Opinion
Opinion Filed June 29, 1967
Prohibition.
1. "Writ of prohibition" is an extraordinary writ of limited and specific application; its function is to control the use of judicial power and assure the regularity of its exercise.
2. Prosecution of criminal charge as advocate for the State is not an exercise of judicial authority, so that "writ of prohibition" will not lie against a state's attorney so engaged.
3. "Writ of prohibition" is an extraordinary writ, an emergency power, to be invoked when regular judicial procedures are unable or unavailable to effectively resolve the issues sought to be raised, and in absence of showing of inadequacy of other relief plainly available the Supreme Court would refrain from allowing such remedy to be used to interrupt the orderly course of trial procedure.
Petition for writ of prohibition directed against State's Attorney to stop impending trial. County Court, Washington County, Hill, J., presiding. Petition dismissed.
Black Plante, with Frank G. Mahady and Harry A. Black on the brief, for petitioner.
Sten Lium, pro se.
June Term, 1967
Present: Holden, C.J., Shangraw, Barney, Smith and Keyser, JJ.

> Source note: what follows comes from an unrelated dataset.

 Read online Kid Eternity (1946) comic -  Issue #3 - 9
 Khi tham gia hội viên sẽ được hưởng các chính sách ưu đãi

To stop his impending trial on a criminal charge, the petitioner has asked for a writ of prohibition, directed against the state's attorney as prosecuting officer. In support of his request for this particular extraordinary relief, he recites that he was illegally arrested outside the state and brought in without extradition, that he was interrogated as a prime suspect without being advised of his right to counsel and without counsel present, that the prosecution is entirely based on evidence obtained from the illegal interrogation, and that prejudicial pre-trial publicity renders a fair trial impossible in Caledonia County. The petitioner has a right to present these issues for adjudication, for they raise serious questions.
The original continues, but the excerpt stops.